**Required work**
Set down each entry exactly; omit images.

**Records**
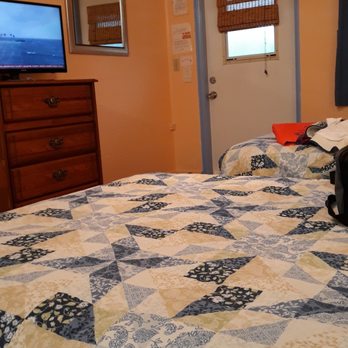 Pelican Post Motel - Double beds it very efficient close walk to beach! - Hotels Near Me - Bradenton Beach, Florida Pelican Post Motel - Double beds it very efficient close walk to beach! - Hotels Near Me - Bradenton Beach, Florida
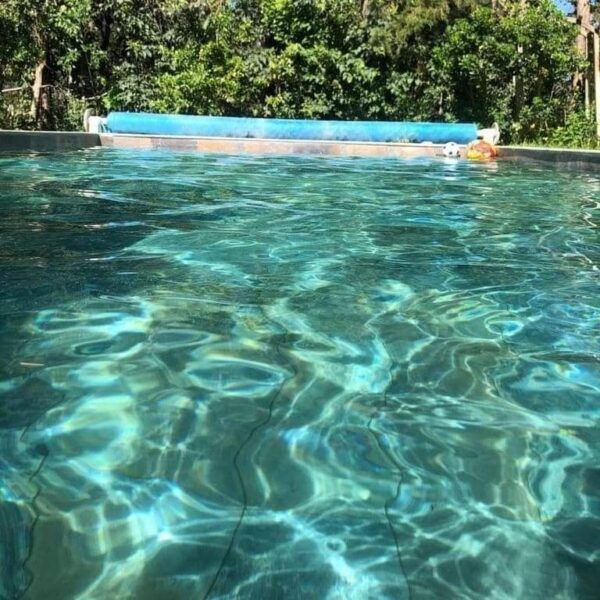 Carrelage piscine Pierre de Bali pour sol piscine et terrasse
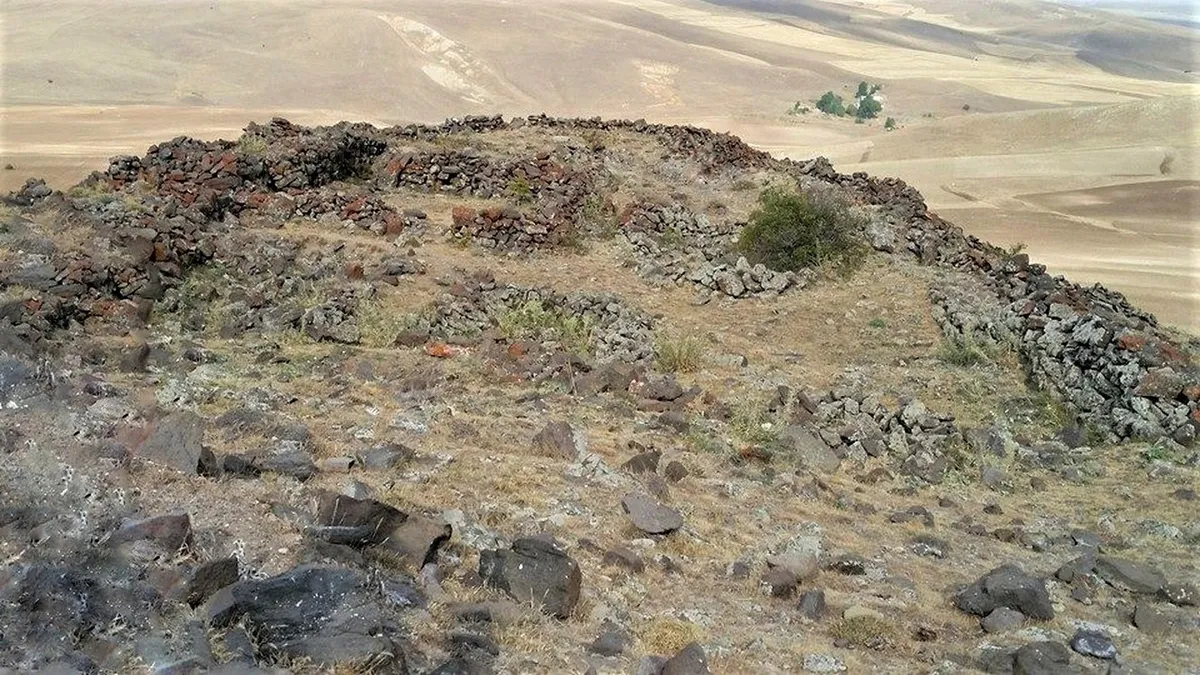 Tarihi Zeril Taş Kemer Köprüsü - Van Çatak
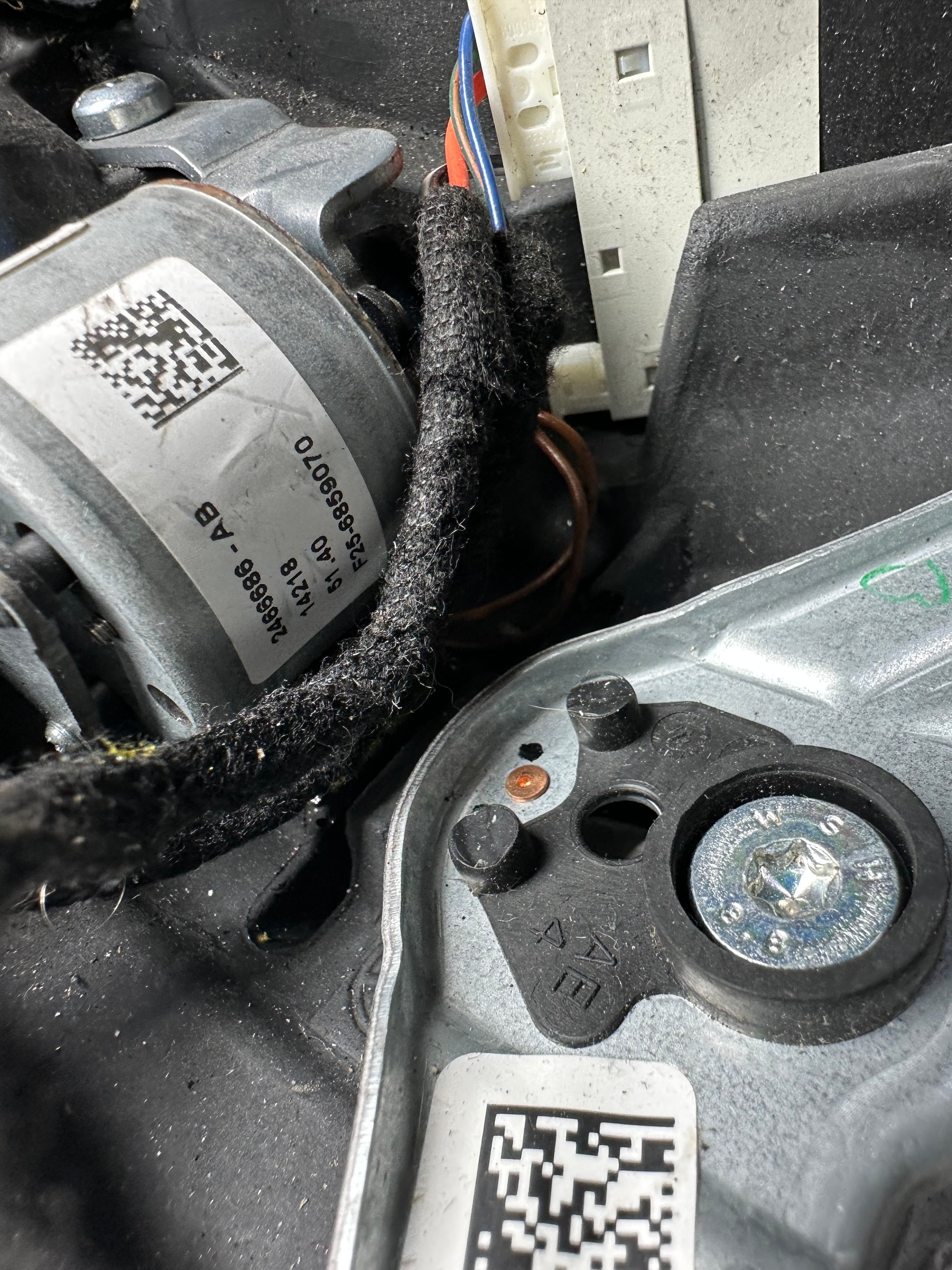 BMW F15 X5 2013–2016 Multifunction Leather Steering Wheel (2460575385-02)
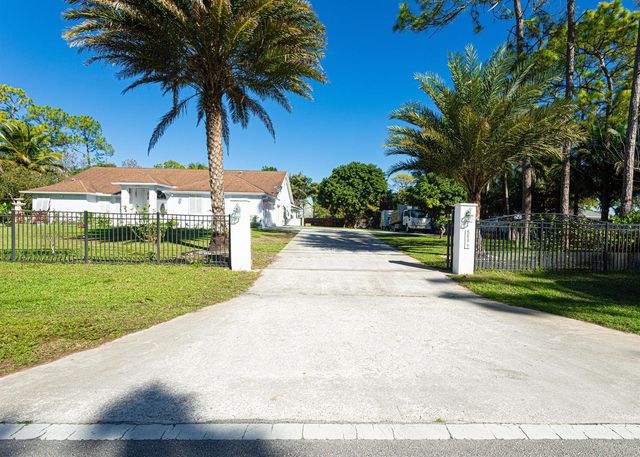 8895 Palomino Drive, Lake Worth, FL 33467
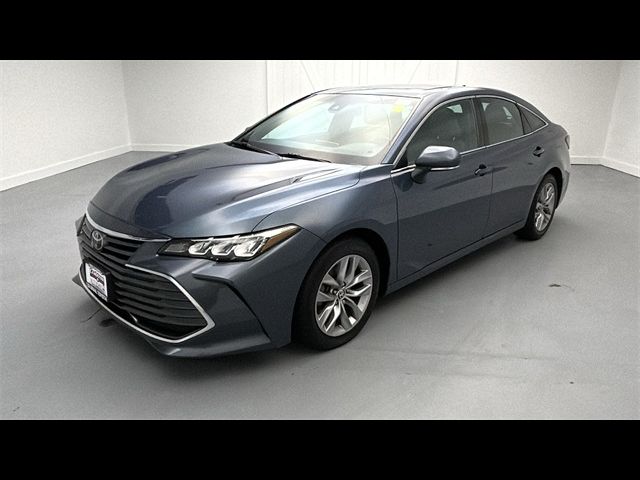 2022 Toyota Avalon XLE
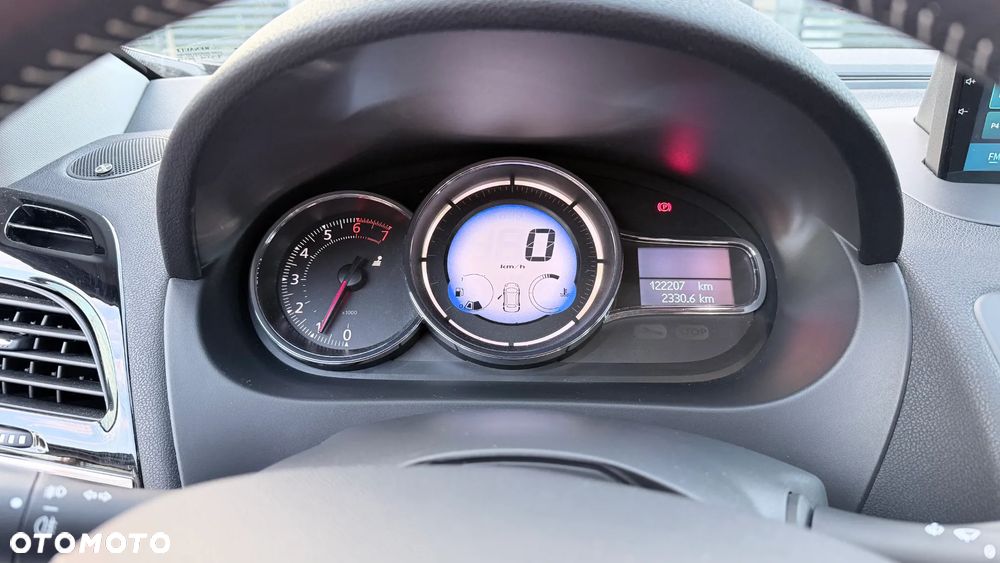 Renault Fluence 1.6 16V Zen - 23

**Output of the task**
 Pelican Post Motel - Double beds it very efficient close walk to beach! - Hotels Near Me - Bradenton Beach, Florida Pelican Post Motel - Double beds it very efficient close walk to beach! - Hotels Near Me - Bradenton Beach, Florida
 Carrelage piscine Pierre de Bali pour sol piscine et terrasse
 Tarihi Zeril Taş Kemer Köprüsü - Van Çatak
 BMW F15 X5 2013–2016 Multifunction Leather Steering Wheel (2460575385-02)
 8895 Palomino Drive, Lake Worth, FL 33467
 2022 Toyota Avalon XLE
 Renault Fluence 1.6 16V Zen - 23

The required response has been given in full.